[Source data Boundary: Start]
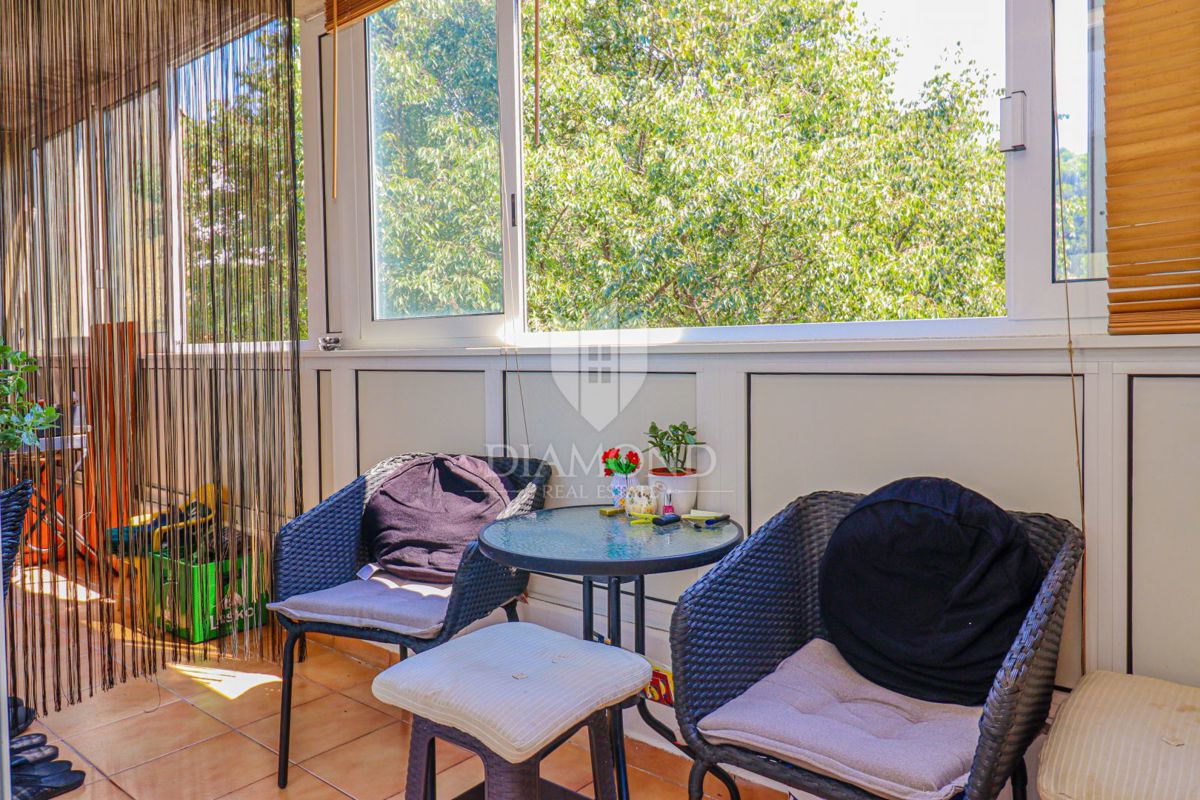 Pula, Bellissimo appartamento vicino all'Anfiteatro con vista sul mare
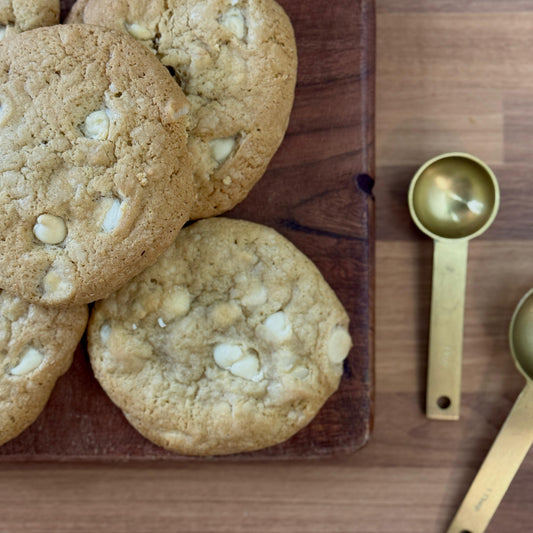 White Chocolate Macadamia Nuts - Premier Collection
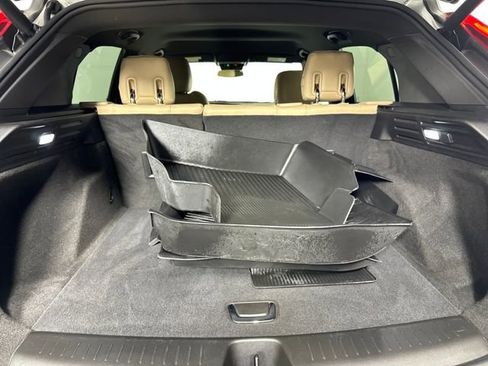 Used 2024 Cadillac XT4 Luxury image 25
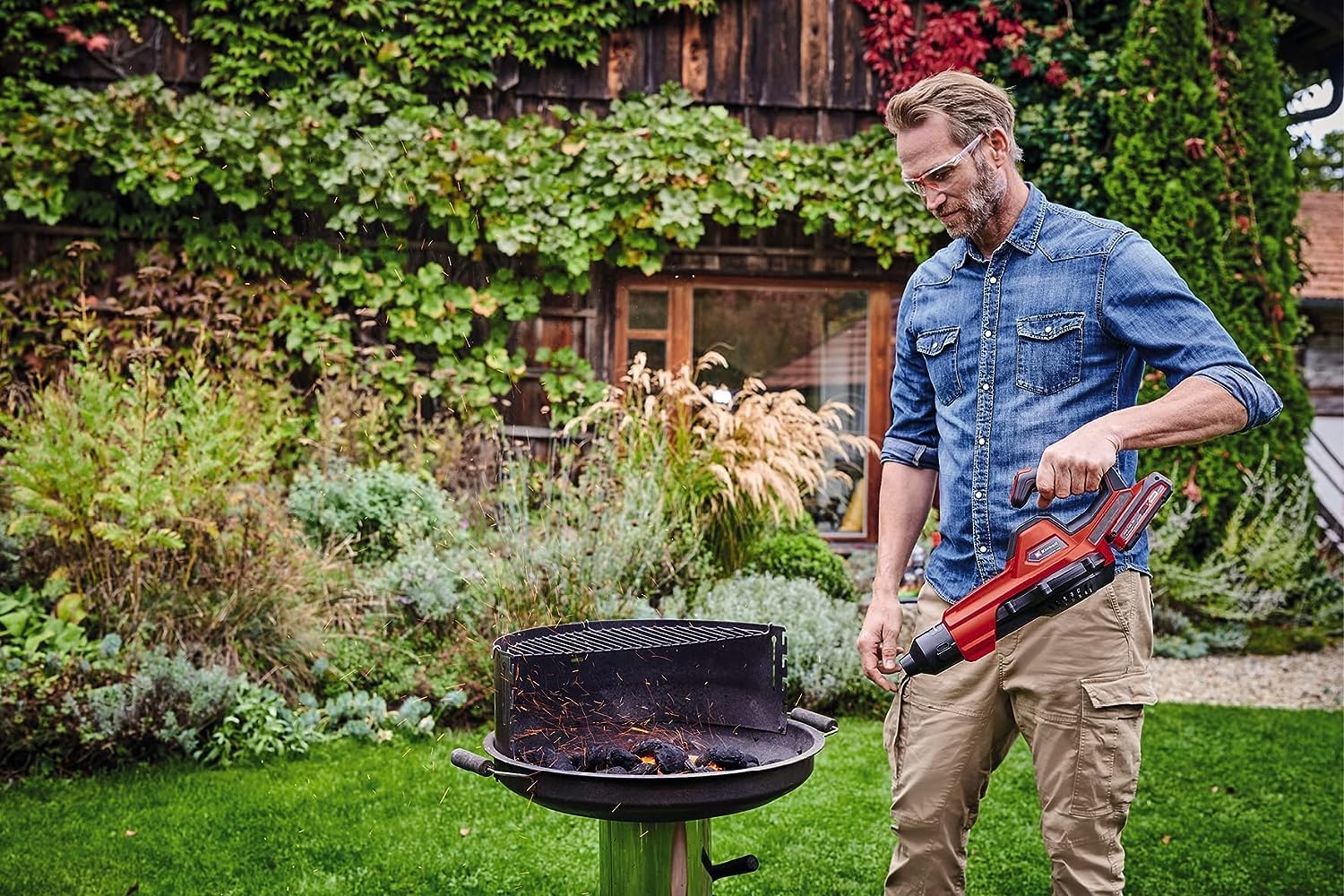 Einhell GE-UB 18/250 Li E-Solo Power X-Change Cordless Leaf Blower - 18V Battery (Not Included), 250 km/h Air Speed, 3-Piece Tube, Electric Speed Control with LED Display - Perfect for Yard Cleanup, Driveway Clearing & Garden Maintenance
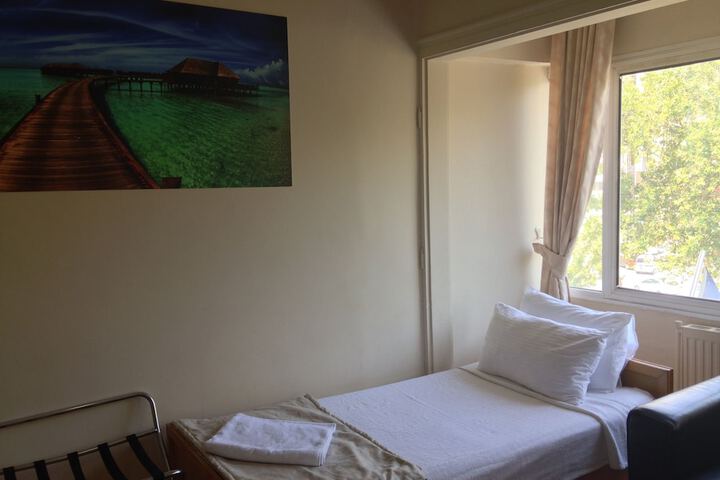 Room 3 of 35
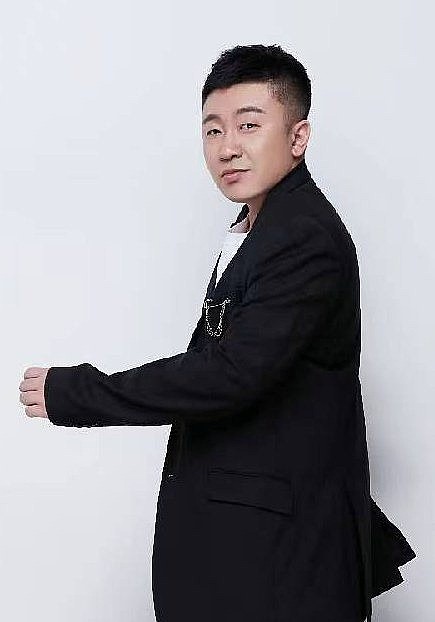 李正尧照片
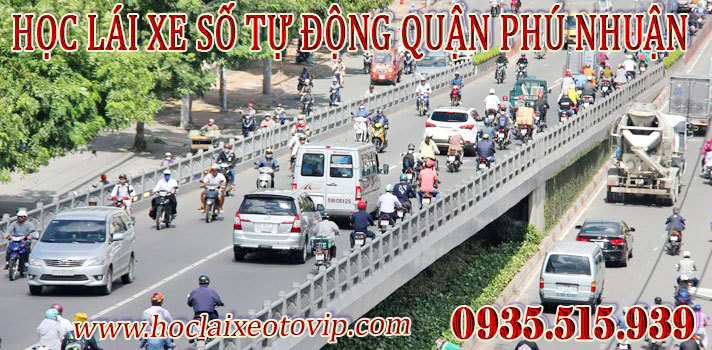 Học lái xe ô tô Quận Phú Nhuận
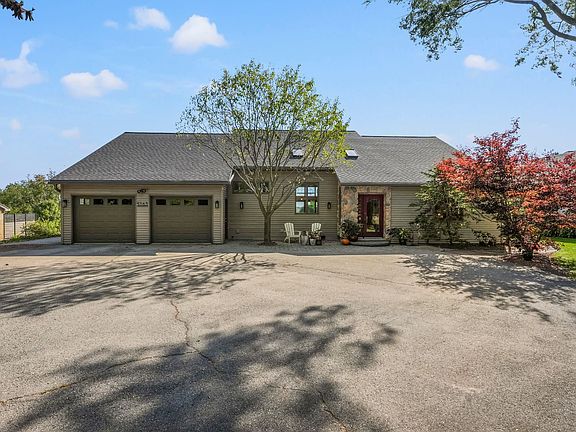 2nd image of 5163 River Rd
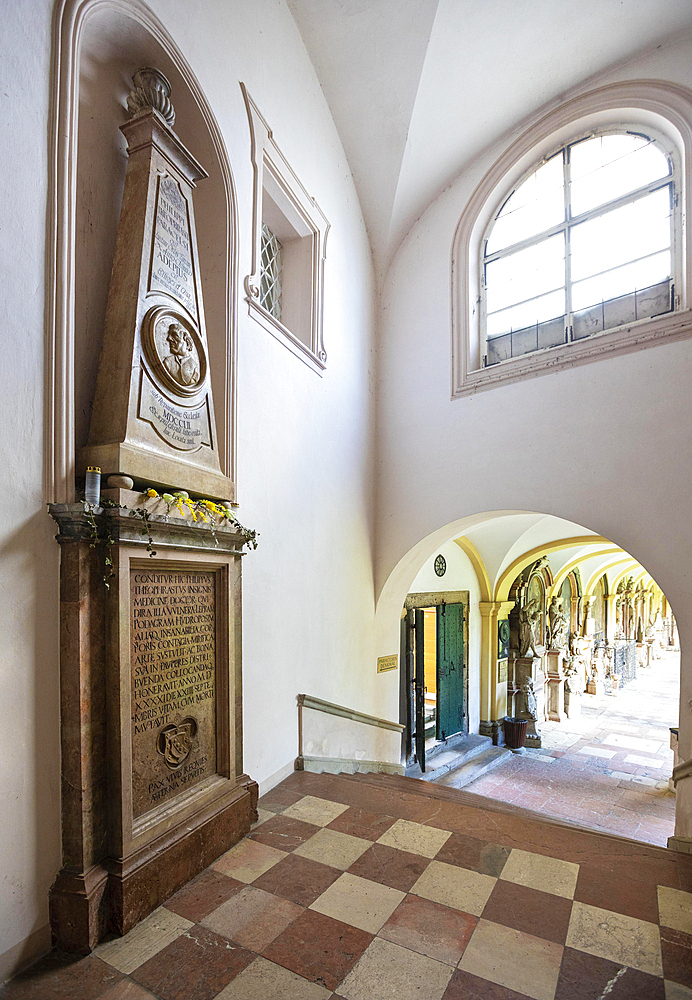 Tomb of Paracelsus, Theophrastus Bombast von Hohenhelm, Sebastian Cemetery, Church of Saint Sebastian, Salzburg, Austria, Europe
[Source data Boundary: End]
Your objective: Return the listing above in an exact copy that leaves out the images.

Result for this task:
 Pula, Bellissimo appartamento vicino all'Anfiteatro con vista sul mare
 White Chocolate Macadamia Nuts - Premier Collection
 Used 2024 Cadillac XT4 Luxury image 25
 Einhell GE-UB 18/250 Li E-Solo Power X-Change Cordless Leaf Blower - 18V Battery (Not Included), 250 km/h Air Speed, 3-Piece Tube, Electric Speed Control with LED Display - Perfect for Yard Cleanup, Driveway Clearing & Garden Maintenance
 Room 3 of 35
 李正尧照片
 Học lái xe ô tô Quận Phú Nhuận
 2nd image of 5163 River Rd
 Tomb of Paracelsus, Theophrastus Bombast von Hohenhelm, Sebastian Cemetery, Church of Saint Sebastian, Salzburg, Austria, Europe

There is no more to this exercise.